Question Type:
Sufficient Assumption
Stimulus Breakdown:
Work of art = experience created by artist
Video games are interactive
Therefore, video games can't be works of art.
Answer Anticipation:
Since video games are interactive, and the author treats this as proving they can't be works of art, the answer will state that being interactive stops a video game from being a work of art. What is a work of art? Something that has an experience created by the artist. The answer should say, more or less, that anything interactive can't be controlled by the artist who made it.
Correct answer:
(B)
Answer choice analysis:
(A) Out of scope. Intention doesn't matter to reality. What the creators intend doesn't define whether something is or is not a work of art. As an example, I intended to make pancakes yesterday, but I instead actually created bricks of charcoal.

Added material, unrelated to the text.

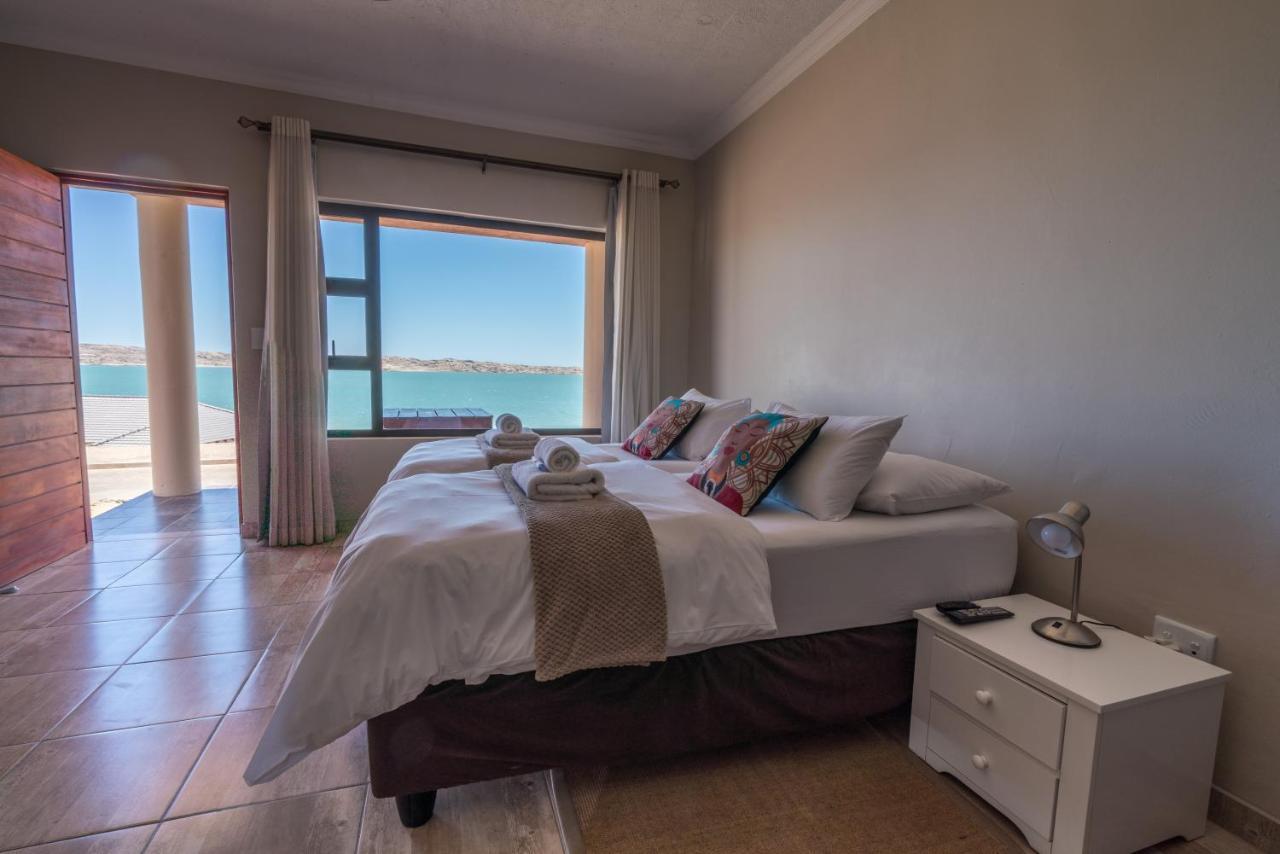 Island Cottage Guesthouse Luderitz ภายนอก รูปภาพ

(B) Bingo. Interactivity and artistic control, according to this answer, are mutually exclusive. If this is true, video games can't be art, since they are interactive and therefore can't have experiences controlled by their creators, which is a requirement of art.

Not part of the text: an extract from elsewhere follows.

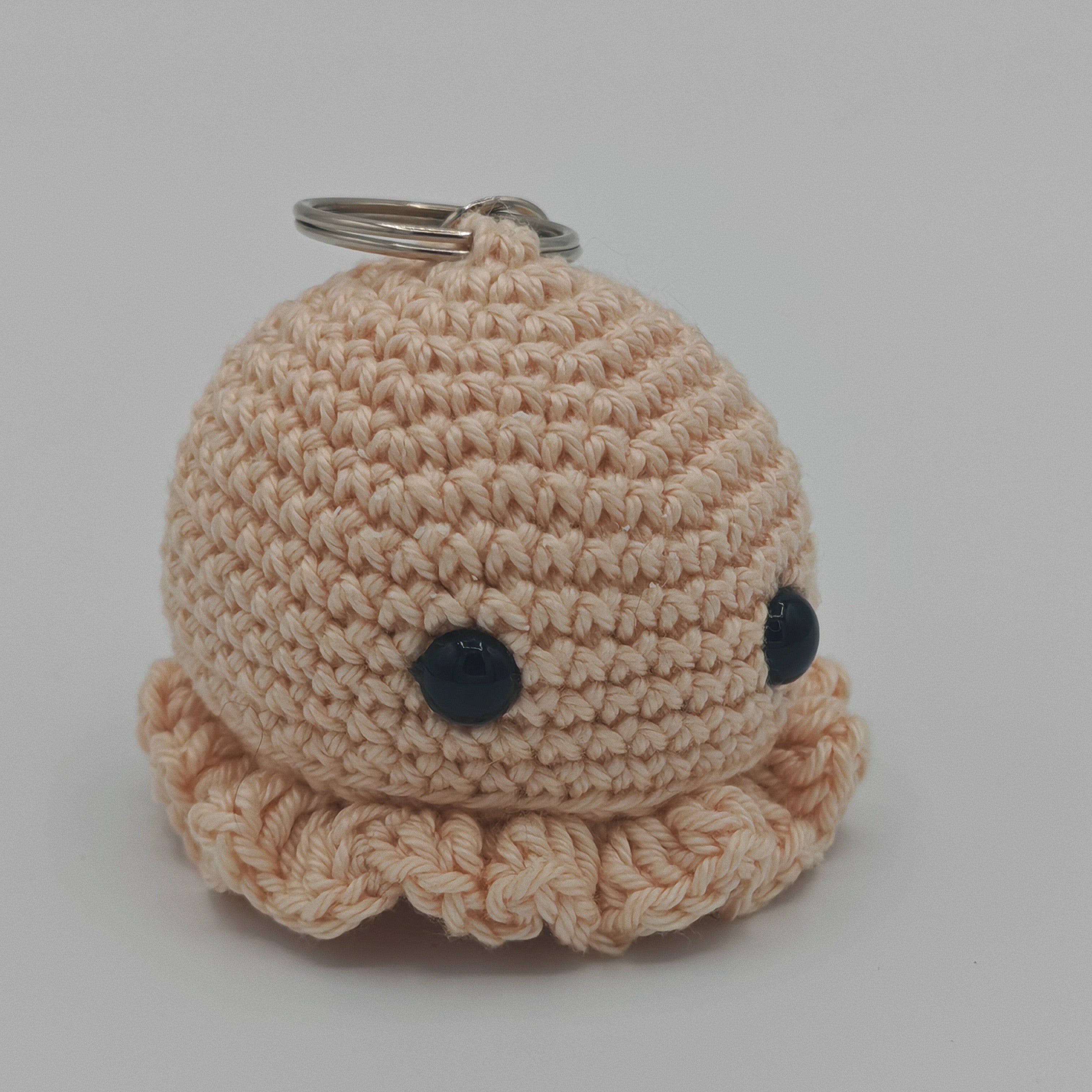 Handgehäkelter Oktopus Schlüsselanhänger – handgemachtes Amigurumi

(C) Out of scope. The stimulus is about aesthetic experiences, not necessarily rich ones. Additionally, the aesthetic experience the argument cares about is a controlled one, and this answer doesn't distinguish between those that the artist controls and those that the artist doesn't.
(D) Out of scope. It doesn't matter who creates the games, just whether the creator can maintain control of the experience.
(E) Out of scope. The argument talks about choices that do affect the outcome of the game, not choices that don't.
Takeaway/Pattern: When a Sufficient Assumption questions concludes that something doesn't fit into a category, check the definition of the category and the description of the thing. The correct answer should set those two at odds.